The life of a product and its packaging starts with the conceptual design, extends through manufacture, sale, use and reuse/recycling, and finishes with disposal and all impacts from the product and its packaging after disposal. In order to understand all the impacts a product has during its lifetime one needs to consider energy and materials consumption, air and water emissions, the amount of toxics in the product, worker and user safety and waste disposal issues. Questions to consider include the following:

• How much energy does it take to extract the raw materials?

• How much energy is needed to transport the raw materials to the manufacturing site?

• How about the energy needed to transport the final product to its point of sale?

• How much energy goes into producing and transporting the chemicals and materials, that are used to manufacture the product in question?

• Are non-renewable materials being used?

• Is the product being manufactured from recycled materials?

• What kinds of emissions enter the environment during the production of the product and during production of the parts and chemicals used to manufacture the product?

• What toxic materials are in the product, or are used to make the product?

• What risk does the product or its manufacture present to the production workers and to the end-user?
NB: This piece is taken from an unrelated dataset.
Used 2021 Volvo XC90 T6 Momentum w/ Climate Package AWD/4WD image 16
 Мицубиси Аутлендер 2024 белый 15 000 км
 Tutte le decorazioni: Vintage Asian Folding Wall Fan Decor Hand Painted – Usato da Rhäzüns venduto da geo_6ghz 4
• How much waste is created during the production process?

• Can the product or its packaging be made with less material?

• How much energy is needed to operate the product?

• Can the product be repaired or upgraded if necessary, hence extending its life?

• Are there recycling options available for the user?

• What are the recovery options?

• Is the product designed to facilitate materials reuse at the end of its life?

• What natural capital services are being compromised by all of these impacts?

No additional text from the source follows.